Cleveland-Cliffs to Overcome Near-Term Headwinds With Stelco Acquisition

Cleveland Cliffs

Cleveland-Cliffs (NYSE: CLF) has evolved from a traditional iron ore miner into a dominant integrated steelmaker in North America, driven by a series of transformative acquisitions. Its latest move—the $3.85 billion purchase of Canadian steelmaker Stelco (TSX: STLC) in November 2024—cements its position as the region’s leading flat-rolled steel producer. The acquisition enhances Cliffs’ market diversification, strengthens its presence in Canada, and expands its production footprint. Notably, Stelco will operate as a wholly-owned subsidiary of Cleveland-Cliffs.

Despite this strategic growth, the company faces near-term headwinds.
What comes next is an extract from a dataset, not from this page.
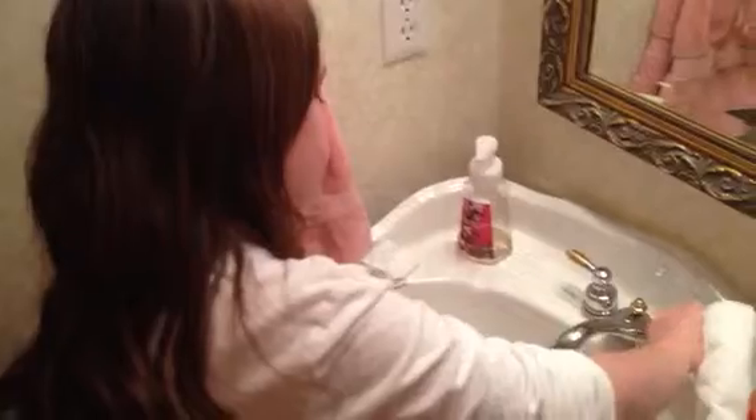And then you rinse. Then you get a towel and you turn off the faucet with it. Then you take your towel and you dry your hands off, making sure to get in between your fingers and that they're completely dry.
Sluggish demand for automotive steel, a key segment, is weighing on performance. Visible Alpha consensus estimates project a -12% year-over-year decline in Cleveland-Cliffs’ 2024 revenues to $19.3 billion, sharper than the -4% dip seen last year. Steel, which accounts for 88% of Cliffs’ revenues, is forecasted to generate $17 billion—a year-over-year drop of -12%. This weakness is attributed to lower steel sales volumes, projected to fall -5% to 15.6 million tons, alongside a -7% decline in average realized prices to $1,089 per ton.

However, a rebound is on the horizon for 2025. The Stelco acquisition is expected to significantly bolster production capacity, particularly for hot-rolled steel. Hot-rolled steel, which represents 35% of Cliffs’ steel sales volume, is projected to see sales volume surge +30% year-over-year in 2025, adding 7.1 million tons to total steel volume. Correspondingly, hot-rolled steel revenues are estimated to jump +33% year-over-year to $5.7 billion, driving total steel revenues up +8% to $18.3 billion. Analysts also forecast a sharp recovery in Cleveland-Cliffs’ EBITDA, projecting a substantial increase in 2025.